Hot Stamper Pressings of Contemporary Jazz Albums Available Now
A newer customer wrote to me years ago about the amazing sounding Hot Stamper pressing of Way Out West that we’d sent him. He noted that his AP Heavy Vinyl pressing was “quite decent,” a characterization we found distressing.
Here is his original letter, along with some of what we wrote back. Newer comments and links have also been added.
As for your 1992 Analogue Productions Heavy Vinyl remaster, I honestly don’t know how anyone can listen to a record with sound like that and consider it acceptable, or, in your words, “quite decent.” I went into the long story of the album in this commentary.
Some things have changed since I wrote that screed many years ago. For example, we don’t find the sound of the OJC pressing of the album acceptable these days, a subject I plan to address before too long [and have yet to do].
The bottom line is this:
The Hot Stamper pressing of Way Out West you have now in your possession is the one that allows you to hear what that album is supposed to sound like.

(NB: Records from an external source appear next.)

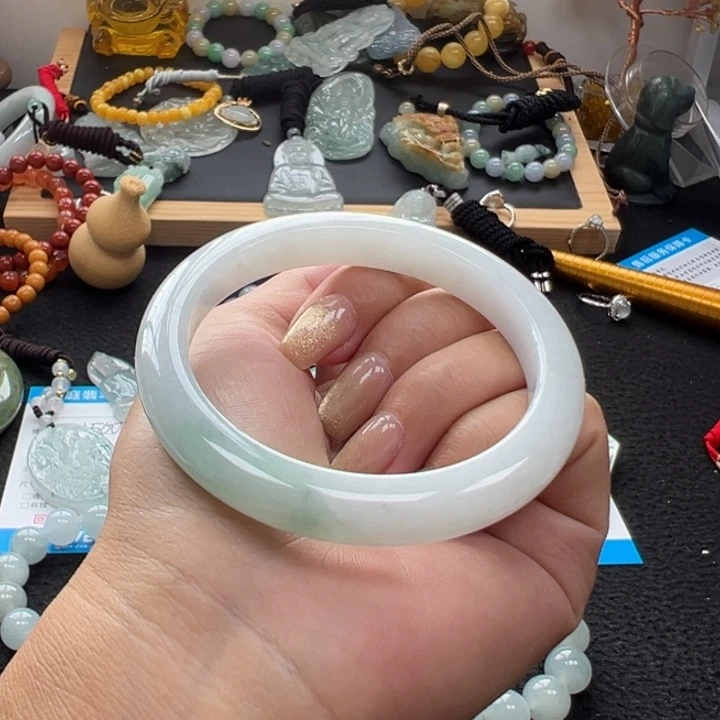 翡翠未镶嵌颈饰天然A货缅甸翡翠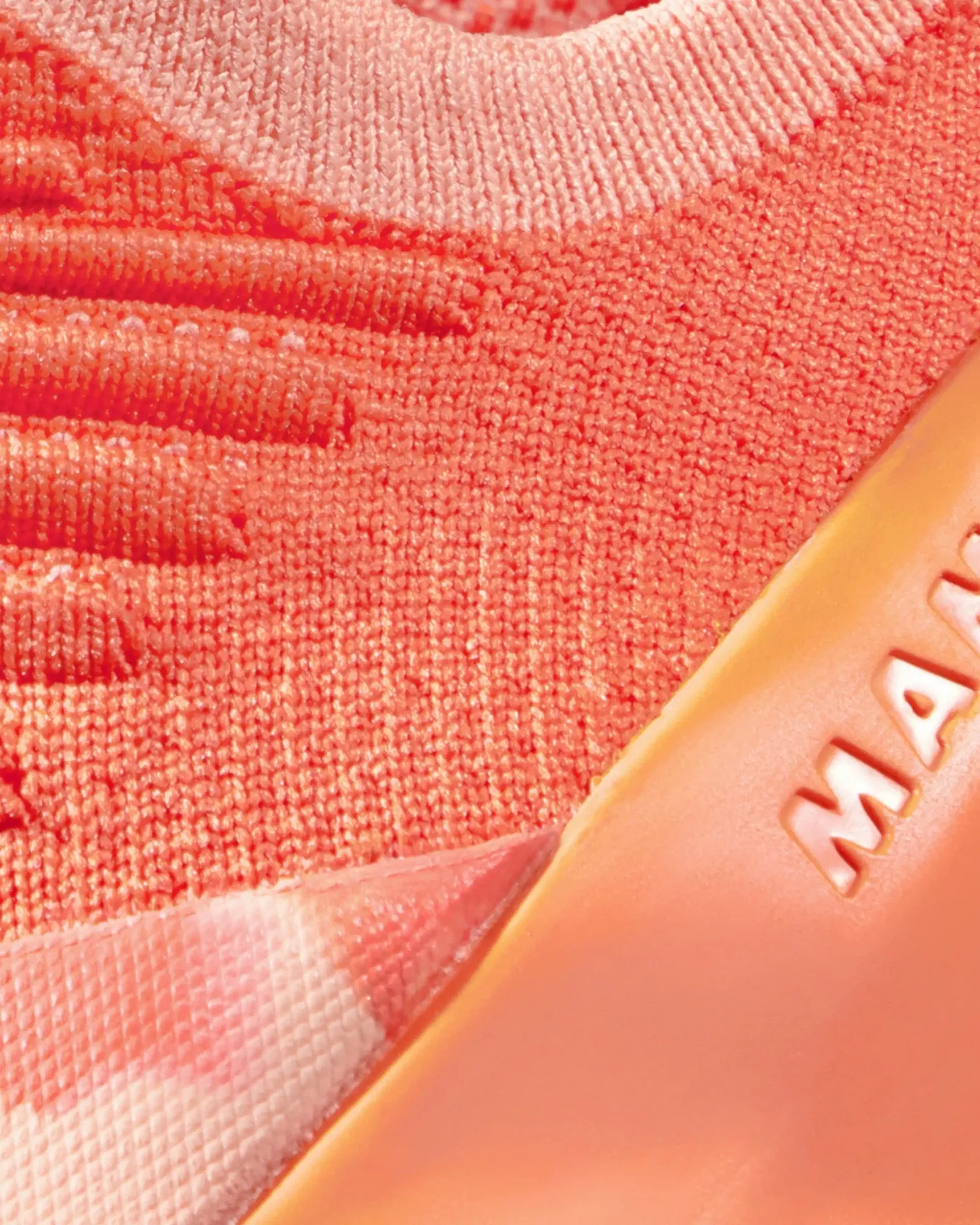 Hueco Knit II Dark Salmon / Light Salmon Running Shoes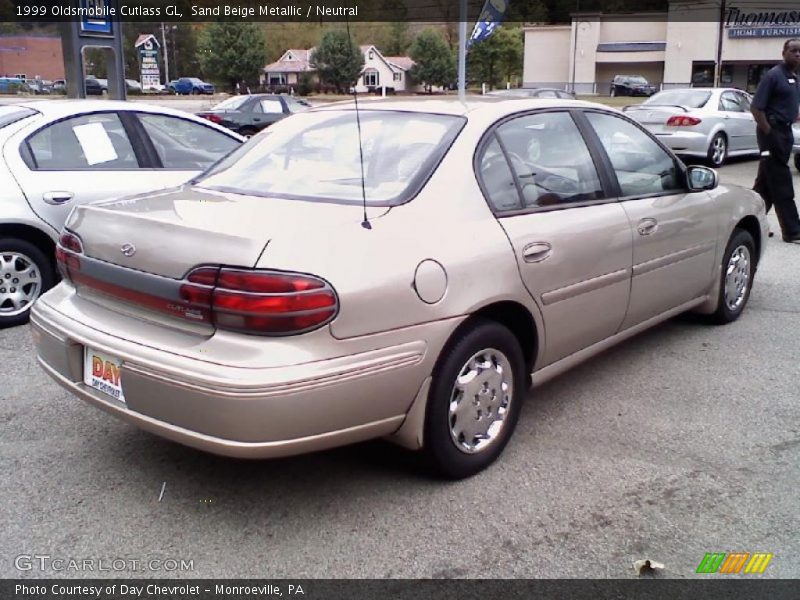 Sand Beige Metallic / Neutral 1999 Oldsmobile Cutlass GL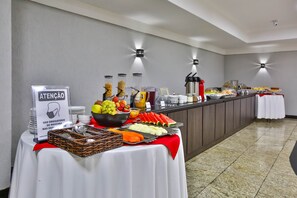 Desayuno buffet incluido todos los días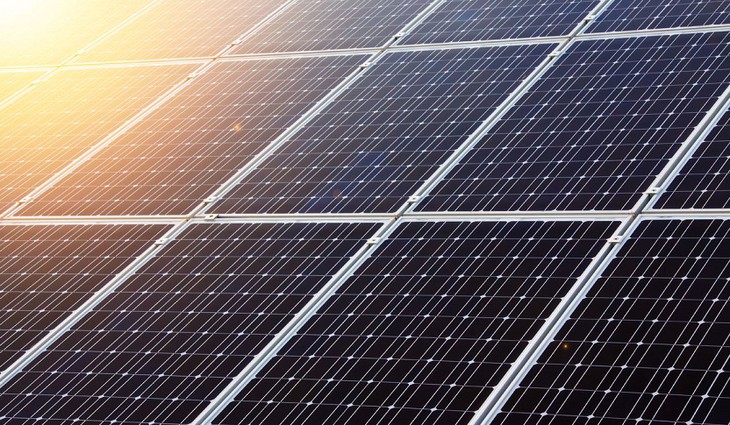 Za 65 let své existence je solární panel cenově nejdostupnější.  Česko však stále sází spíše na uh
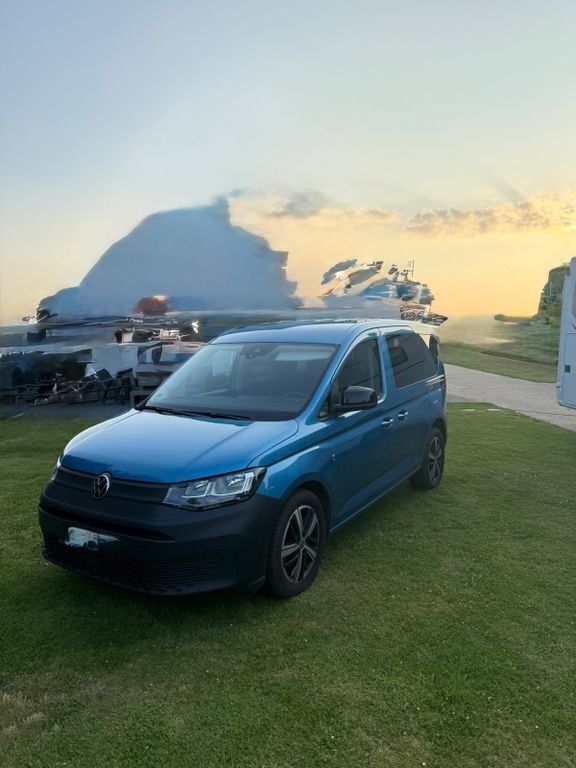 Blau Gebraucht 2022 VW Caddy Van / Kleinbus | 24.990 € (Superpreis) - Bild 1/4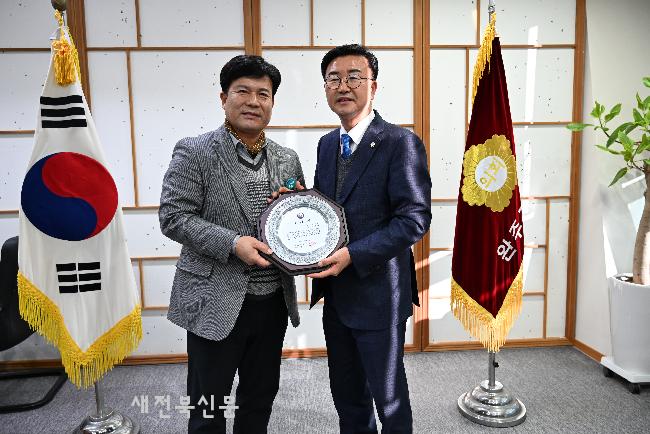 유의식 의장, 주민자치 발전 공로로 감사패 수상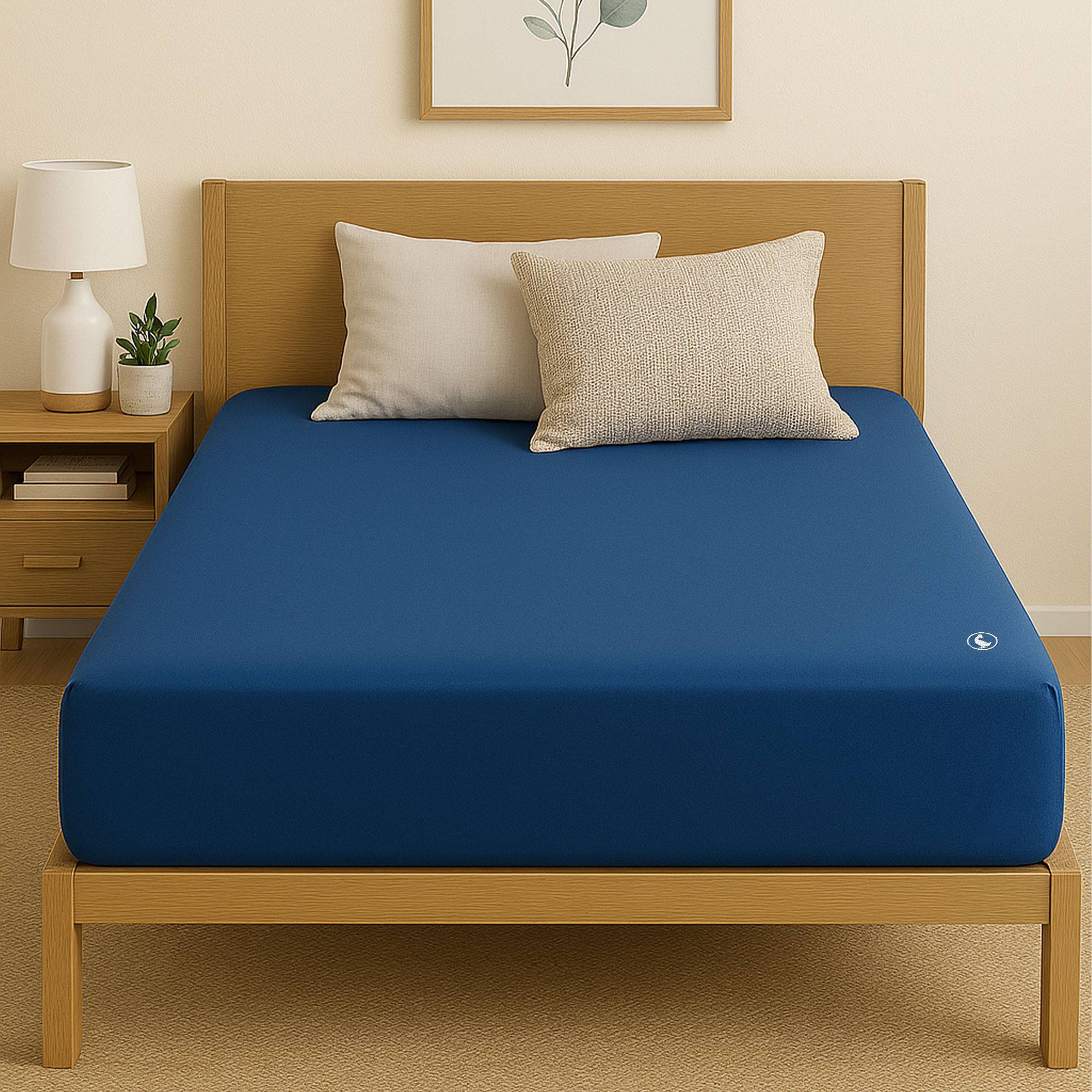 Sábana bajera 100% algodón 180tc color azul marino logo bordado el ganso
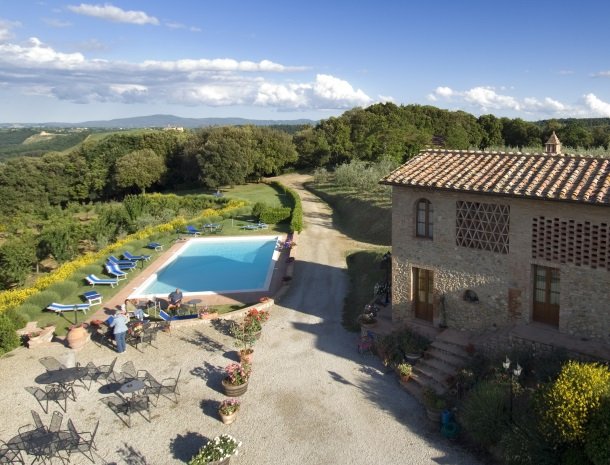 agriturismo-il-casolare-di-bucciano-sangimignano-terras-zwembad.jpg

Not the way Chad Kassem likes his records to sound: opaque, bloated, dull, smeary and compressed.
No, your White Hot Stamper has the brilliant sound that Roy DuNann recorded all those years ago, sounding, I believe, the way he wanted it to. This is of course only an opinion, but it is an opinion based on playing dozens of early Contemporary pressings and well as many vintage reissues that actually can beat them. Examples of both can be found here.
Somebody Needed to Figure It Out
All that was needed was for some group to come along who could properly clean a batch of vintage pressings, original or otherwise, play them, figure out what the best copies do that the average copy doesn’t, identify that best copy, and send it your way.
There was nobody who could do that kind of work in 1992, not even us.
It would be another 12 years before we managed to do our first official shootout, using a very different stereo and very different cleaning technologies, both immeasurably better than what we had to work with in the 90s.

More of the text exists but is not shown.